A partir de uma história cômica sobre um relacionamento amoroso, João Melo desfia denúncias sobre o sistema governamental de Angola que, embora seja considerado democrático, demonstra caminhar em direção contrária, como é possível observar no trecho abaixo. O fragmento retrata o momento em que Jorge é quase preso pela polícia sem qualquer ordem judicial:
“Abre!, Abre!, Abre a merda da porta!... Rápido!, rápido!... É a polícia!...” A diva escondeu-se na casa de banho. Abri. Um grupo de matulões à civil entrou na sala, derrubando tudo à frente deles, algemou-me imediatamente e obrigou-me a sentar no sofá. “O computador? O computador?”, perguntavam os resolutos agentes da ordem. Eu nunca usei essas merdices, como sabem. Nem consegui abrir a boca. O chefe do grupo dirigiu-se a mim incisivamente: “Ouve lá, seu sacana! Quem te autorizou a dizer que este país está desgovernado? Quem mais sabe disso? Quantos é que partilharam essa informação secreta? A quem a transmitiram? Estás fodido, meu, temos a informação de que o cabecilha dessa conspiração és tu!...” [...] Estás preso! Vamos lá ver se na prisão falas ou não falas...”, disse o chefe dos agentes. (p. 42-43)

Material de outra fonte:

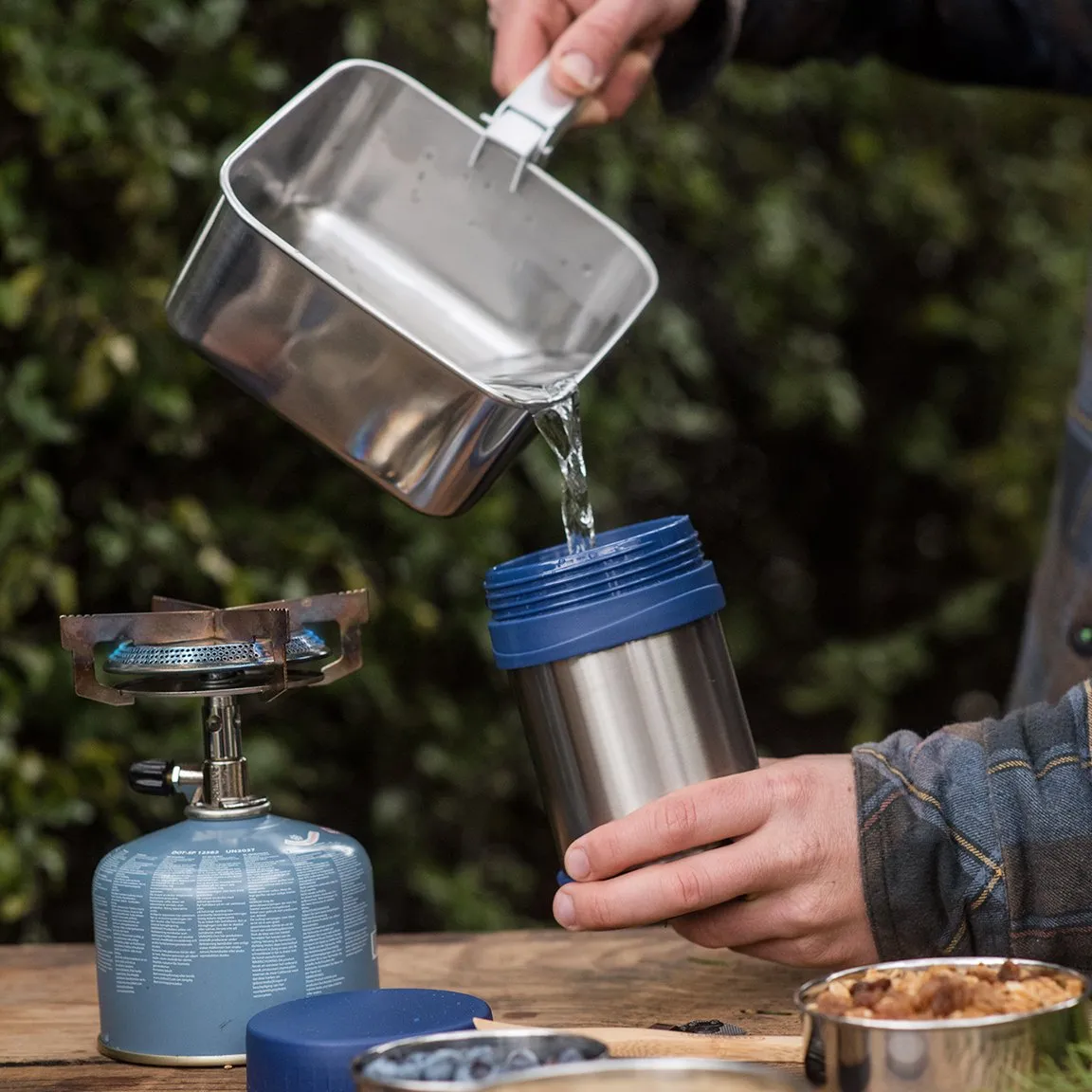 Insulated Food Jar - 12 oz Seafoam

Jorge é quase preso por ter usado em vários telefonemas com a Diva Bumbum a senha em que afirmava que o país estava fora de controle. De acordo com o narrador, o protagonista fora surpreendido pela polícia, pois escutas ilegais apontaram a suposta conspiração.
Uma das riquezas desse conto é a forma como João Melo faz as suas denúncias a respeito da ação fascista descrita. Utiliza a ironia e com ela constrói o humor do conto. Ao final, o leitor se encontra rindo das trapalhadas amorosas de Jorge Kalupeteka, mas com um sinal de alerta na consciência sobre os confrontos vivenciados em Angola. Não há como, nessa estrutura narrativa, não deixar de refletir sobre os conflitos pós-coloniais, nos problemas estruturais e sociais da cidade de Luanda, além do sistema de governo angolano que se apresenta como democrático.

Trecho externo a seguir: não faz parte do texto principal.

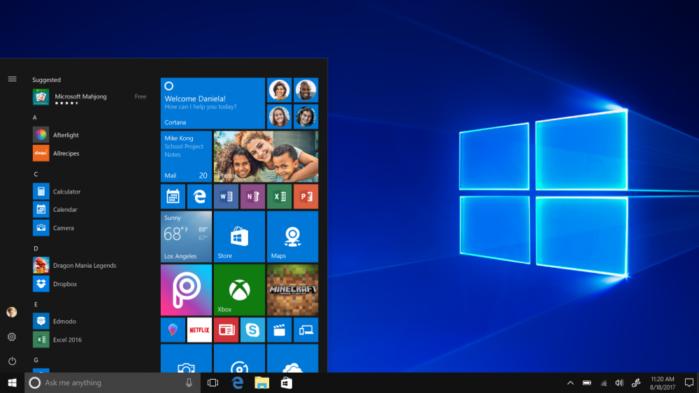 Microsoft Windows 10 Professional (GGWA) картинка №27142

Outro conto que merece destaque é “Uma mulher séria” que traz a história de Ana Maria, a jovem que se envolveu com um homem 30 anos mais velho, o doutor Adérito. O narrador faz questão de frisar que a pretendente a esposa é da idade de alguns dos filhos que dr. Adérito tivera com a esposa anterior. Durante o namoro, Ana Maria recebia de seu amado como presente lingeries sensuais, e elas vinham acompanhadas de palavras como:
Tu és tudo para mim, meu amor!... – dizia ele. És a minha paixão, a minha mulher, a minha putinha, o meu amor... Sim, vou ensinar-te a ser tudo para mim... Até minha putinha, meu amor!... Sim, Ana, a minha putinha!... Sempre que sairmos, quero que vistas estas calcinhas, para que não te esqueças nunca que és a minha putinha, só minha... (p. 79).

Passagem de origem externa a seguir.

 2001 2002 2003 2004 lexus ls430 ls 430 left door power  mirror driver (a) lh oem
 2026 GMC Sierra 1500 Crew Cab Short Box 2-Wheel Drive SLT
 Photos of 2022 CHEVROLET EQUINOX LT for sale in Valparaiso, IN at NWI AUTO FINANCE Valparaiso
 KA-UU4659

Contudo, a situação se modifica completamente logo após a cerimônia matrimonial. A fala sedutora e libidinosa cede lugar ao discurso moralista do representante do homem de bem angolano, preservador e mantenedor da moral, dos valores familiares e dos bons costumes: “Uma mulher séria não pode usar essas calcinhas minúsculas que se usam agora [...] Mulher minha tem de usar cuecas a sério e não esses biquínis que deixam tudo à mostra!...” (p. 65).
Ana Maria é obrigada a usar roupas íntimas em tons cinzas que cobrem toda a região compreendida entre o umbigo e metade das coxas. Nada das cores alegres e vivas das calcinhas, a liberdade e o frescor proporcionado pelo tamanho pequeno das peças íntimas femininas. A ela é reservada apenas a austeridade das cuecas – símbolo da opressão e da imposição masculina –, que mais se aproximam de um cinto de castidade. Uma falsa castidade que leva a pequena jovem Ana Maria a ter cinco filhos do dr. Adérito em cinco anos de casamento. Ela agora engorda cada vez mais. Seu tempo é voltado exclusivamente para o cuidado da casa e dos filhos. Nunca mais saiu com as amigas.
Passaram-se cinco anos desde o seu casamento. Cinco anos em que ela teve exatamente cinco filhos. Cinco anos em que deixou praticamente de falar com as antigas amigas. Cinco anos em que não ousou olhar, mesmo por acidente, para qualquer outro homem. Cinco anos em que, sem se dar por isso, engordou diariamente. Cinco anos em que nunca mais vestiu uma calcinha daquelas que ela gostava de usar e que, na realidade, não eram tão ousadas assim, mas em que passou única e obrigatoriamente a usar aquelas coisas enormes que o marido lhe impingia, umas cuecas gigantescas que lhe cobriam todo o corpo, do umbigo ao meio das coxas. (p. 79)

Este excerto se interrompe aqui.